Dataset extract:

* * * * * * *

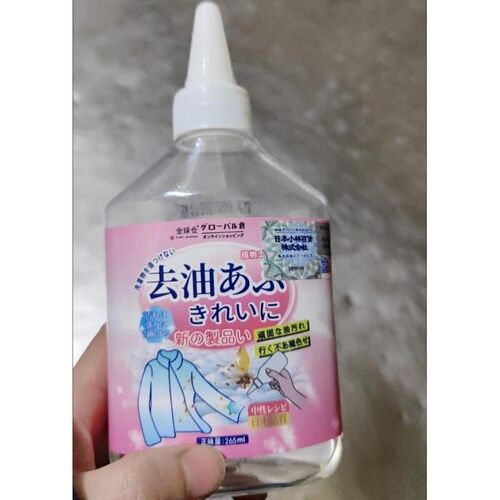 全球仓去油王衣物清洁剂
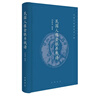 正版新書(shū)  民國人像金銀幣錢(qián)譜（精）--中國古錢(qián)譜叢書(shū) 中華書(shū)局 劉德龍 著(zhù)9787101172881 曬單實(shí)拍圖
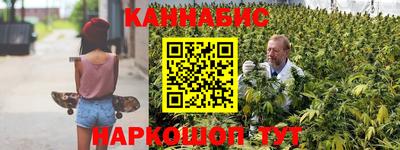 каннабис Апшеронск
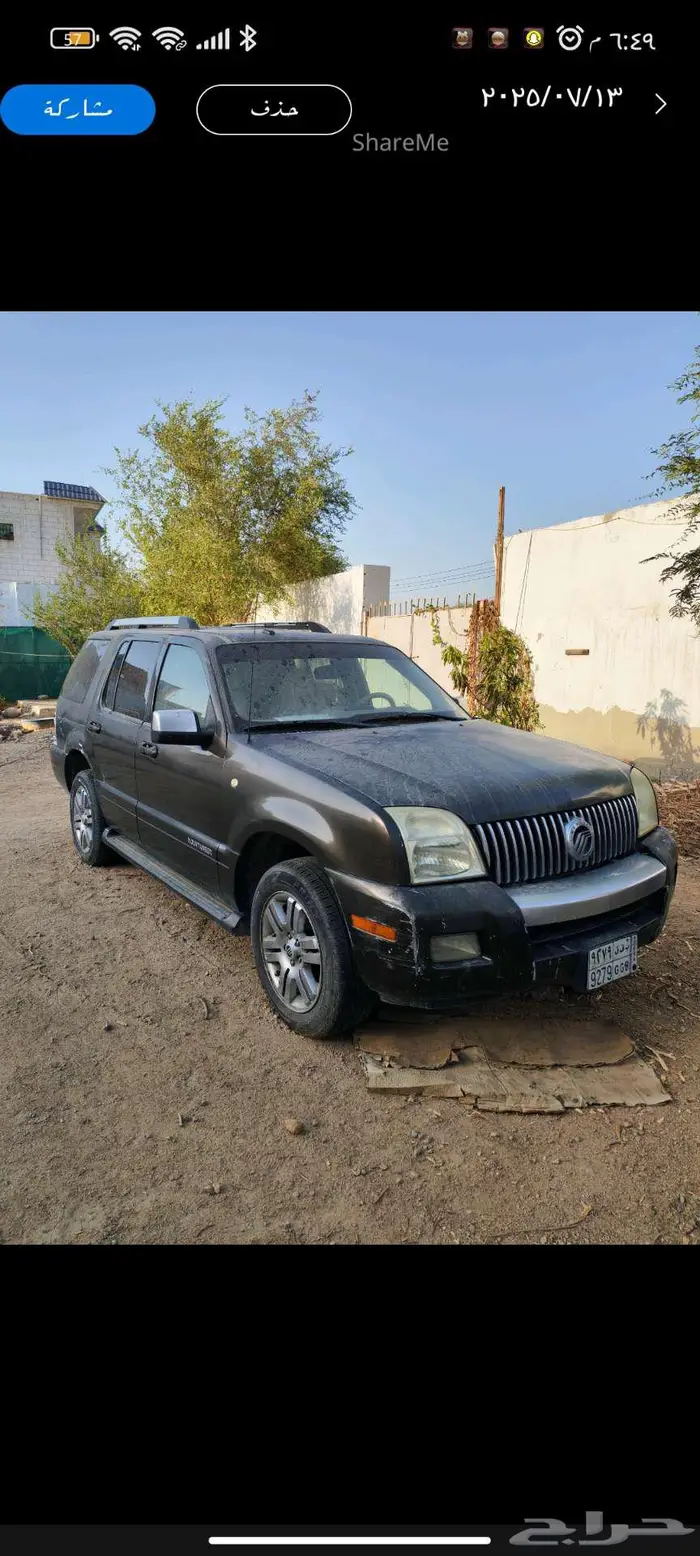 فورد اكسبلورر للبيع 2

* * * * * * *

Prompt: From the line containing "劉德龍 著(zhù)9787101172881 曬單實(shí)拍圖" through the final line of the listing, copy every line exactly and nothing else. Skip the pictures.

Written answer:
 正版新書(shū)  民國人像金銀幣錢(qián)譜（精）--中國古錢(qián)譜叢書(shū) 中華書(shū)局 劉德龍 著(zhù)9787101172881 曬單實(shí)拍圖
 каннабис Апшеронск
 فورد اكسبلورر للبيع 2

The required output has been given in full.